I used to think my childhood was something horrible that was done to me, and then it was something I had survived. I suppose it still is both of those things in some ways (more the latter than the former, by far), but mostly it has become a series of interconnected experiences that served as the kiln by which I was fired into the strong woman I am today. There are cracks and imperfections and insecurities (oh, are there ever), but there is also a deep acceptance that I’m a flawed human being who is trying to do better, always, but in the meantime is doing the best that she can with the tools that she’s been given. Amid the things other people view as tragic moments of my younger years, there was laughter, too, and a great deal of education in the things that truly matter in life (which mostly involve using your own hands and ingenuity to create things, solve problems, and interact with people to form relationships and memories that endure).
Against this backdrop, I spend my days lately both terrified about my money situation (especially since Family Help ain’t comin’) and—in the far recesses of my mind—98% certain that things will turn around somehow (I mean, they have to, right?) and that all this worrying is getting me nowhere. Every time I think the bottom is going to fall out, I discover that the bottom wasn’t where I thought it was. And that might not be true this time. I realize that. But there are worse things (I can’t think of them at the moment, but there are) than having to give up seeing my son for Christmas so that I can pay my rent this month instead. I can’t let life get me down, as much as I’d like to spent 18 hours a day in bed feeling overwhelmed and horribly distraught.

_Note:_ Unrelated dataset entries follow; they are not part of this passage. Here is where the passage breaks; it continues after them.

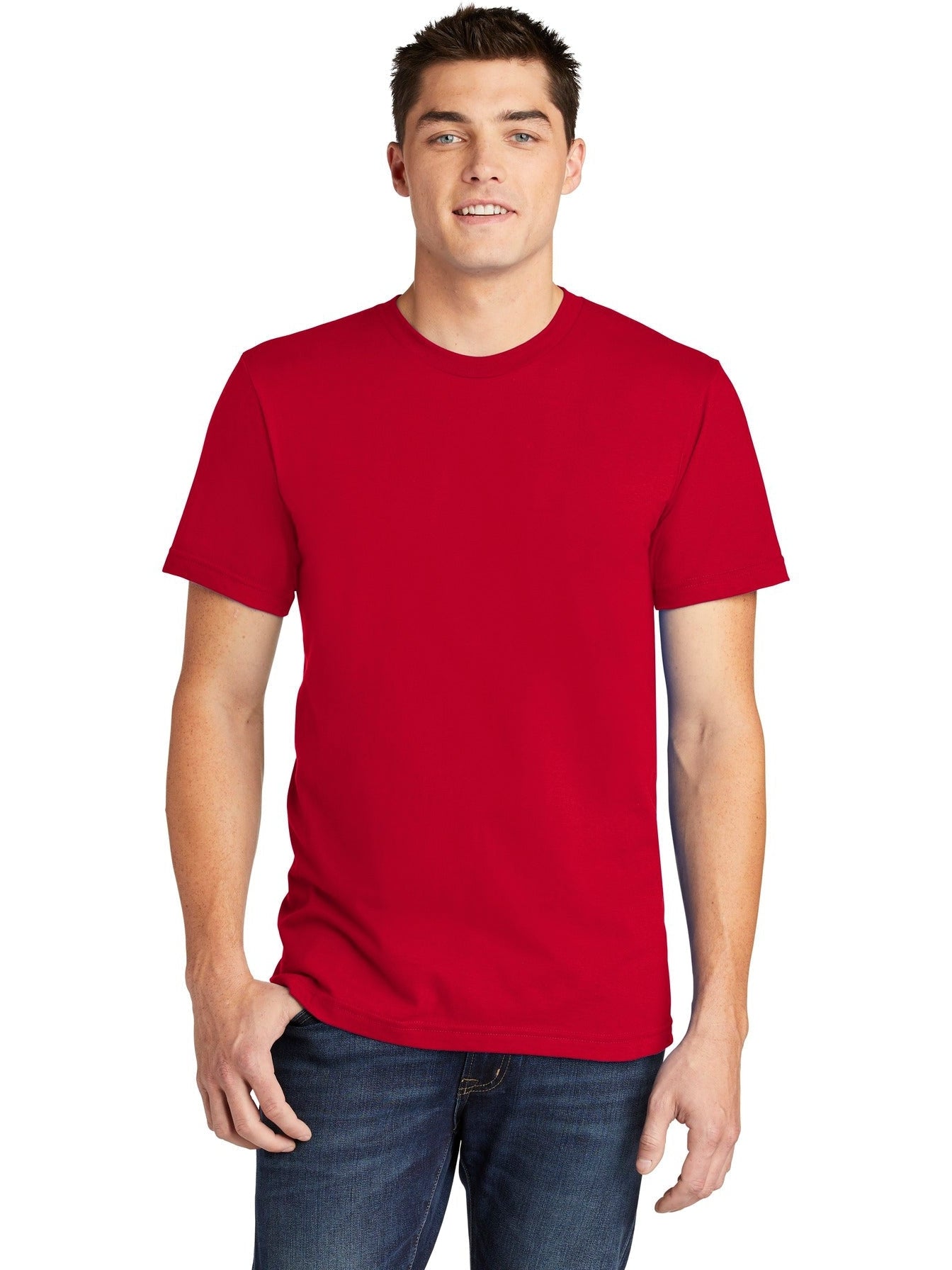 American ApparelFine Jersey T-Shirt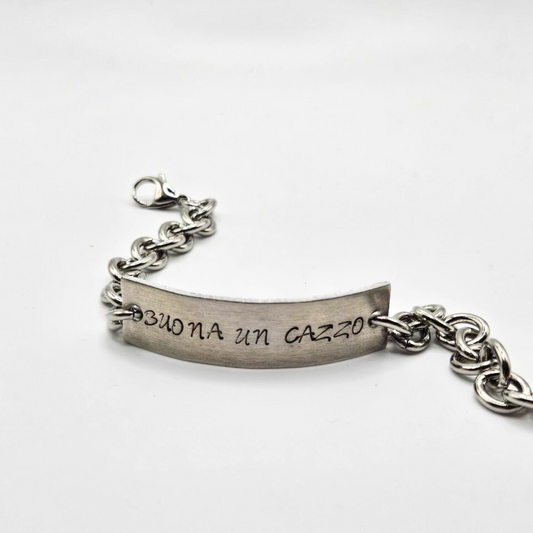 Bracciale Buona un Cazzo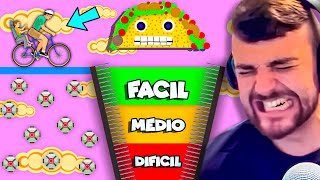 PACO EL TACO ME RETA EN HAPPY WHEELS [upl. by Esinaj]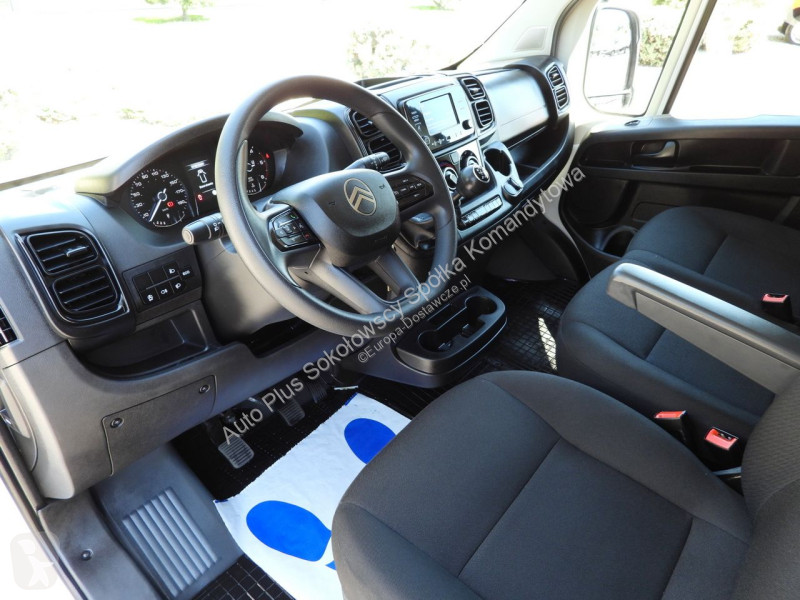 Samochód dostawczy Citroën  JUMPER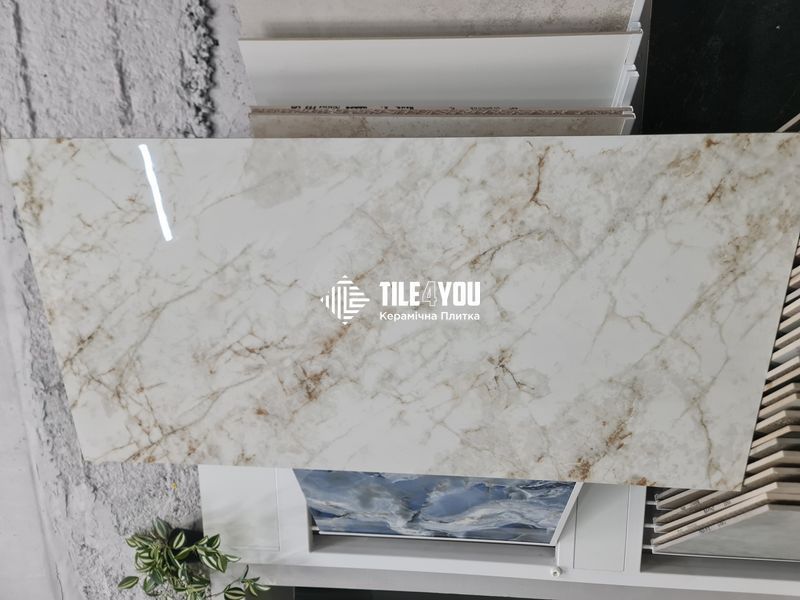 Керамогранит Netto Ceramika | Quartz Stone Polished 600X1200 18617 фото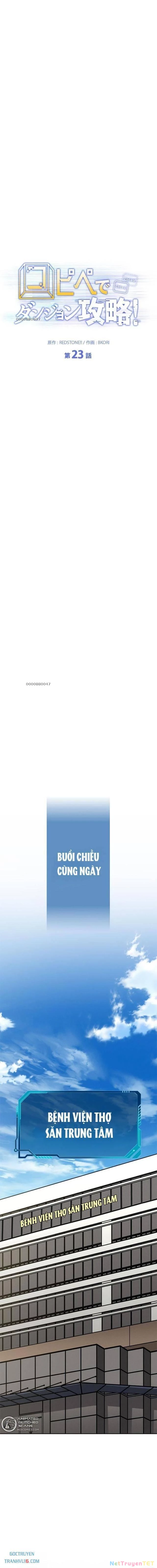Chinh Phục Ngục Tối Bằng Sao Chép Dán! Chapter 23 - 6
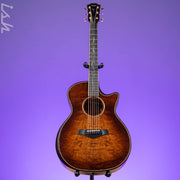 Taylor Builder's Edition K24ce Acoustic-Electric Guitar AA Hawaiian Koa Top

Besides, I have a new relationship to tend to, one that doesn’t deserve to be burdened by my worries and fretting all the time. We just returned from an absolutely amazing time in California (when a writer says there are no words to describe what happened, you just have to take her word for it, so I’m telling you: there are no words), and everything just keeps growing deeper and more intimate, to a level I hadn’t even realized was possible. And now, after all this writing, I’m just tired… and I have yet to make space in my room for a certain someone who’s staying with me until he closes on his condo in early January (yes, you read that correctly) and make dinner for when he gets home.
How does a life change so rapidly, in such a short time?
Sometimes it happens when you lose someone you love, and you’re told the one upside of having known that sort of love is that, if and when it comes around again, you’ll be able to recognize it immediately and know there isn’t time to waste. Sometimes it happens because it feels like it’s the right time, the right place, and the right person.
Sometimes, it just happens. Sometimes, it just is. Sometimes, there are no words to explain. You have the let the far recesses of your mind—the same place where worries go to be soothed and told things will work out just fine—sit back, relax, and let out a great big sigh of relief that tonight, when the lights go out, there will be someone there who loves you, and who you love back, drifting off to sleep right along with you.